In order to investigate the banner blindness effect, an ANOVA was carried out for all eye movement data from two AOIs: one defined on the banner and another one on the central text. We defined another factor Zone to investigate differences between the two AOIs. We weighted the fixation durations and the number of fixations according to the size of the AOIs. The results showed that the central text received significantly longer fixations than the banner, F(1, 23) = 176.61, p < 0.001; η2 = 0.88, α = 0.05. It also attracted significantly more fixations, F(1, 23) = 324.89, p < 0.001; η2 = 0.93, α = 0.05. The position of the banner also affected fixation duration, F(2, 46) = 3.39, p < 0.050; η2 = 0.13, α = 0.05. Banners near the central text received longer fixations than banners at an intermediate distance or far from the text, F(1, 23) = 5.14, p = 0.000. There was no significant difference between intermediate and far banners, p = ns. There was a significant interaction between Zone and Distance on fixation durations, F(2, 46) = 4.34, p < 0.025; η2 = 0.16, α = 0.05. Fixation durations for the central text did not vary according to the distance of the banner from the text, all Fs < 1. However, banners near the central text received longer fixations than banners at an intermediate distance or far from the text, F(1, 23) = 4.78, p = 0.020 (see Figure 4). The results also indicated a three-way interaction with Zone, Task and Animation, F(1, 23) = 40, 20, p < 0.001; η2 = 0.64, α = 0.05. However, the number of fixations only varied on the central text, during the word-search task with the text received more fixations when the advertisement was dynamic, F(1, 23) = 11.08, p = 0.000, but during the reading-for-comprehension task the text received more fixations when the banner was static, F(1, 23) = 35.40, p = 0.000.

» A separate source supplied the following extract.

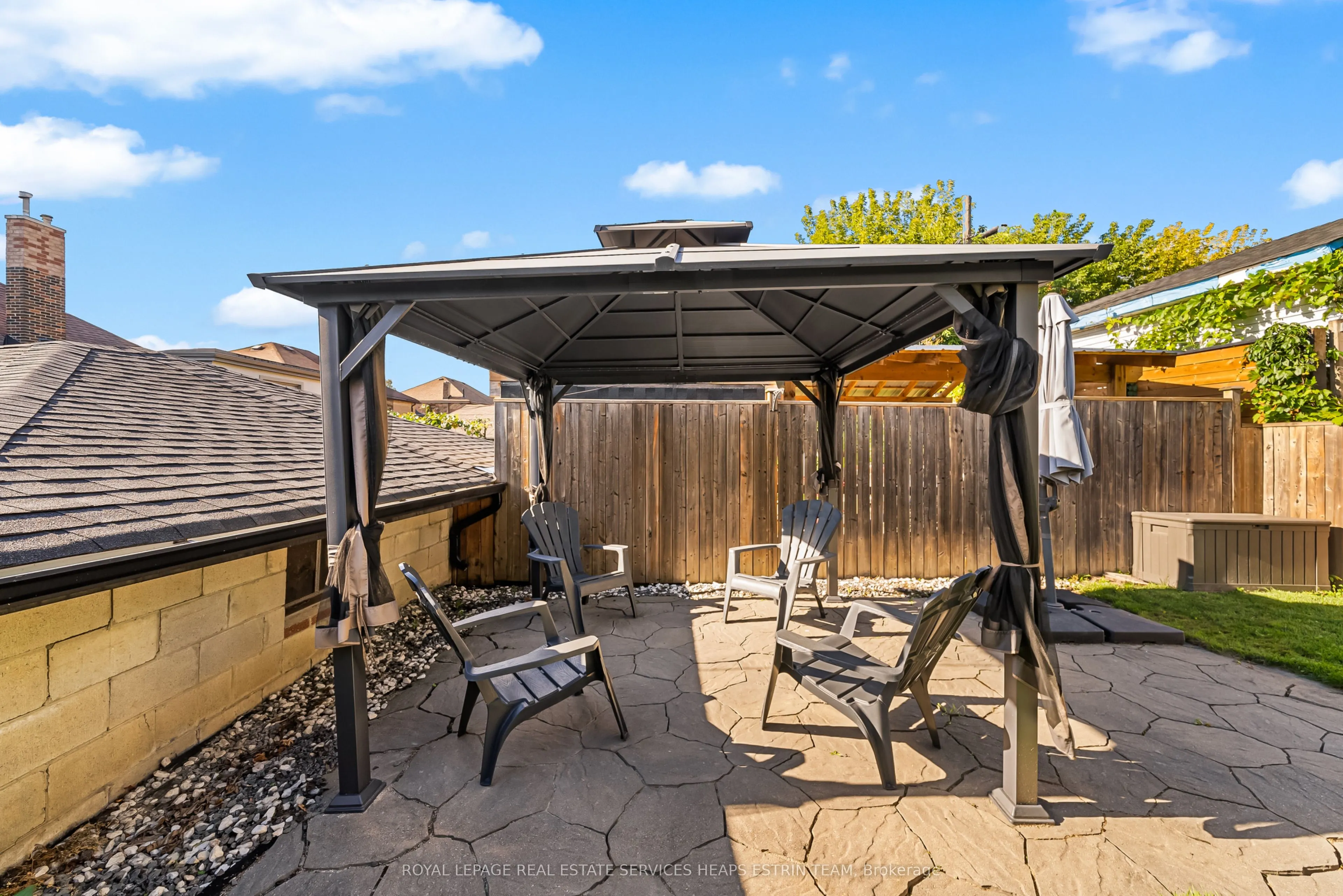 247 Blackthorn Avenue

Figure 4. Average fixation duration (ms) according to distance and zone (AOIs).

Post-test questionnaire and visual strategies

The post-test questionnaire was used to investigate participants' subjective perception of shifts of attention toward the banners and how they thought they had been affected by the banners. The higher the score, the more attention grabbed and the more distraction felt. Of the 24 participants, 13 (54%) reported that they did not pay attention to the banner and were not affected by the banners (M = 1.4; SD = 0.46) (see Figure 5).


Figure 5. Average number of fixations (ms) according to task, animation and zone (AOIs).

ANOVAs were carried out for the eye movement data from the 13 participants who reported that they had not paid any attention to the banners, to investigate possible automatic and unconscious shifts of attention (see Table 2). These participants covered the Web pages with more fixations when they contained a dynamic banner, F(1, 12) = 7.32, p < 0.025; η2 = 0.38, α = 0.05. A significant interaction between Task and Animation [F(1, 12) = 14.30, p < 0.010; η2 = 0.54, α = 0.05] indicated that dynamic banners only affected the number of fixations during the word-search task, F(1, 12) = 20.05, p = 0.005. There was also an interaction between the Animation and Distance of the banners for fixation durations during the reading-for-comprehension task, F(1, 12) = 3.56, p < 0.050; η2 = 0.23, α = 0.05. The far (80 px) banners generated longer fixations when they were static, F(1, 12) = 5.40, p = 0.036.


Table 2. Average fixation durations (ms), average number of fixations and average saccade amplitude (degrees of visual angle) by task, the animation and banner location for the 13 participants who reported that they were not affected by the advertisements.

We did not obtain any significant results for the saccade amplitudes of the 13 participants, p = ns.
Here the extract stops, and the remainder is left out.